Now why do L1 and L2 imply the liveness property? Note that, if intact nodes
agree that the highest confirmed-prepared value is `v`, then they all vote for
`v`. Thus, once ballots become synchronous and Byzantine nodes stop taking
step, properties L1 and L2 together imply that all intact nodes decide.

Let us know informally argue why properties L1 and L2 hold. In each cases, the
main obstacle to liveness is the fact that nodes do not accept contradictory
values, and this could block progress. In both cases, we rule out progress
being blocked in this way using additional invariants proved in the isolate
`protocol.additional_safety`.

To see why property L1 holds, assume that an intact node has confirmed `(b,v)`
prepared during a long-enough synchronous ballot.
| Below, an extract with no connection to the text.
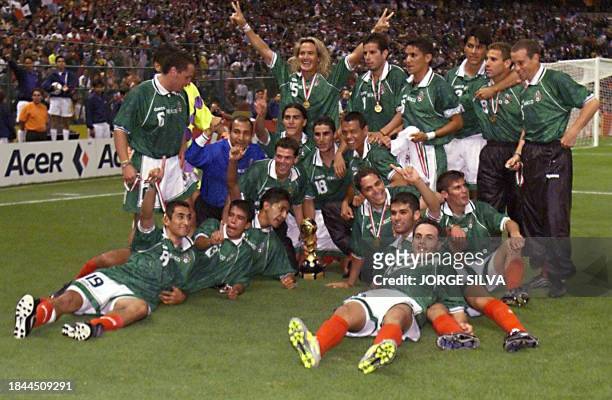 The Mexican soccer team poses with the trophy 04 August at Azteca Stadium in Mexico City after defeating Brazil to win the FIFA Confederations Cup....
Then, as we prove in `inv2`
in isolate `protocol.additional_safety`, no contradictory statement is ever
accepted by intact nodes. Thus, other intact nodes are never prevented from
accepting `(b,v)` as prepared, and the Cascade Theorem ensures that, given
enough communication, every intact node confirms `(b,v)` as prepared. Thus, if
ballot `b` is long enough, evey intact node confirms `(b,v)` as prepared by the
end of the ballot.

To see why property L2 holds, assume that every intact node votes to prepare
the same value `v` during a long-enough synchronous ballot `b`. Then, as we
prove in `inv1` in isolate `protocol.additional_safety`, no contradictory
statement is ever accepted by intact nodes. Thus, given enough communication,
nothing prevents value `v` from being accepted prepared, then confirmed
prepared, then accepted committed, and finally confirmed committed by all
intact nodes. Thus, if ballot `b` is long enough, every intact node confirms
`(b,v)` as committed by the end of the ballot.

#### What liveness properties are proved in Ivy?

An old version of this repository (commit `803b345`) contains a full liveness
proof. However, this old proof is written in Ivy 1.6 and contains many hacks.
The current repository uses Ivy 1.7 and contains cleaner liveness proofs.
However, we have so far only ported the proof of the following statement: if an
intact node confirms `(b,v)` as prepared, then eventually all intact nodes
confirm `(b,v)` as prepared. This implies property L1.

#### Liveness in practice

Unfortunately, Byzantine nodes can always interfere right before the end of
a ballot and cause disagreement on what is confirmed prepared among intact
nodes and make L1 fail. More precisely, a Byzantine node can always withhold an
"accept prepare" message right until the end of a ballot (either because it is
faulty or because it has bad timing) and complete a quorum just before the
ballot ends, and thereby cause some intact nodes to confirm the corresponding
value as prepared while others do not.

In practice, to ensure that all intact nodes vote to prepare the same value in
the next ballot, intact nodes must adjust their slices to make sure that no
faulty or otherwise untimely node remain in any of their quorums.